Nail salons, tattoo parlors, body waxing, indoor playgrounds, live theaters and movie theaters, in-person higher education classes, nightclubs, festivals, and theme parks are all still closed by the state.
Today, the county reported nine new cases. Though hospitalizations are still considered manageable by Ansorg, Santa Barbara is nearing its local peak with 43 people in hospital and nine in intensive care units.
Two of the new cases reported Monday live in Santa Barbara; one person lives in Goleta; one person lives in Lompoc; four people live in Santa Maria; and one person lives in the unincorporated areas of Sisquoc, Casmalia, Garey, New Cuyama, and Guadalupe.
The local Black Lives Matter and related protests that have erupted all over the county in the past two weeks have been of concern to some who fear the crowds and lack of social distancing will prompt the virus to spread, forcing reopening efforts to halt ― or even go backward.

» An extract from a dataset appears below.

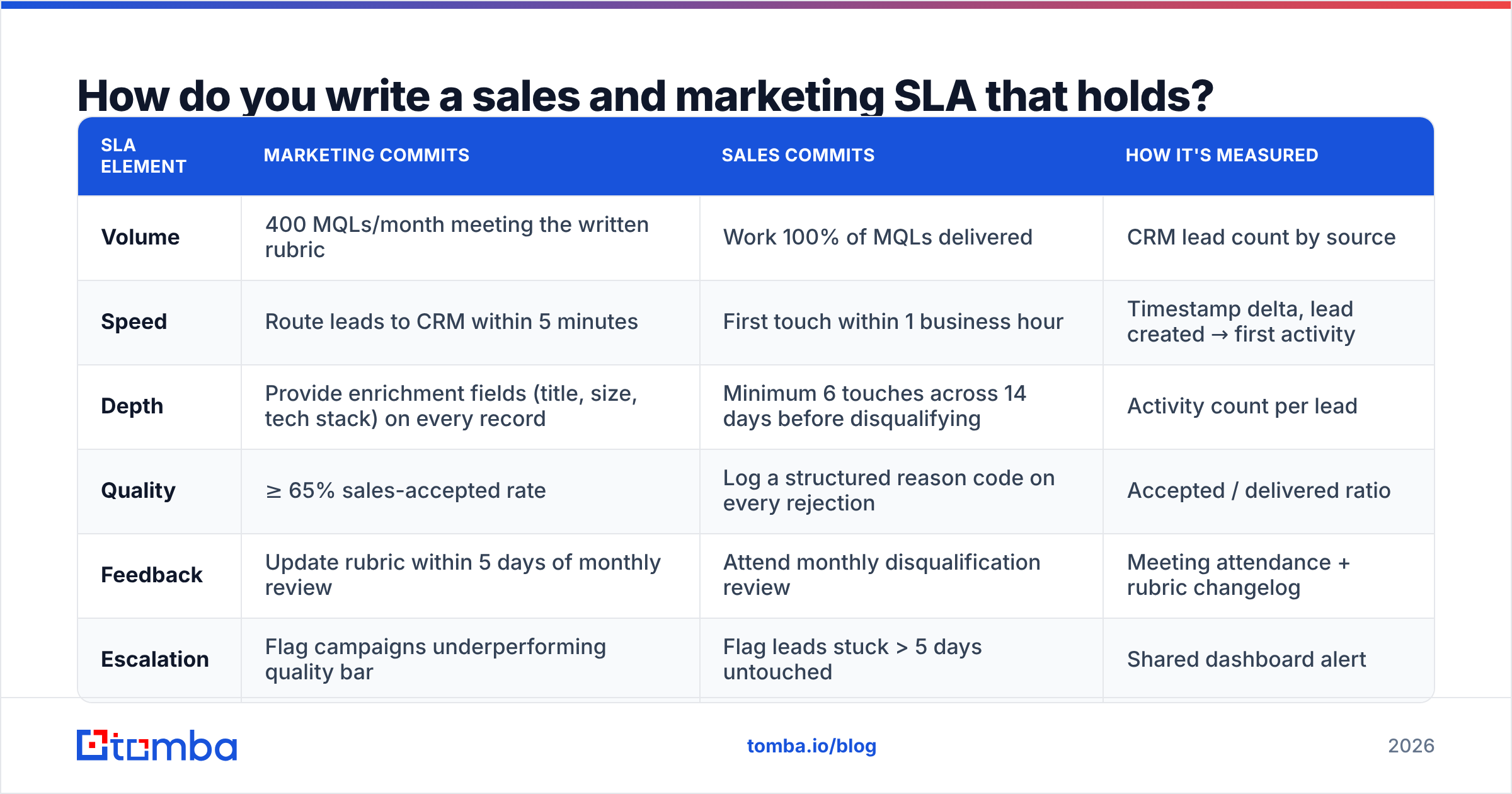 Diagram: How do you write a sales and marketing SLA that holds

After keeping steady two weeks after Memorial Day, though, health officials made it clear they were not too worried.
“We were there for about four hours, and even though I’m guesstimating there were about 2,000 people, I kept looking over the crowd from different angles and everyone, I mean everyone, was wearing face coverings,” said Public Health Director Van Do-Reynoso about the Sunday protest she attended with her daughter. “I’m very optimistic we will not see a huge impact from the protests.”
Congregate care facilities, like nursing homes, were also addressed Monday. One of the criteria needed for the county to continue reopening businesses is to protect vulnerable populations, like those living in skilled nursing facilities.
She said the Public Health Department is working with the county’s nursing homes to ensure there is a plan in place to monitor residents for COVID-19. Just one resident testing positive is considered an outbreak by the state because of the congregate care setting.
“By the end of June, all 14 of our local skilled nursing facilities will complete baseline COVID testing for their residents and their staff,” Do-Reynoso said, “This means roughly 1,000 residents and approximately 2,000 staff will be tested.”
She said within the next few days, the public health website will have a list of the local nursing homes that have or currently are experiencing a COVID-19 outbreak.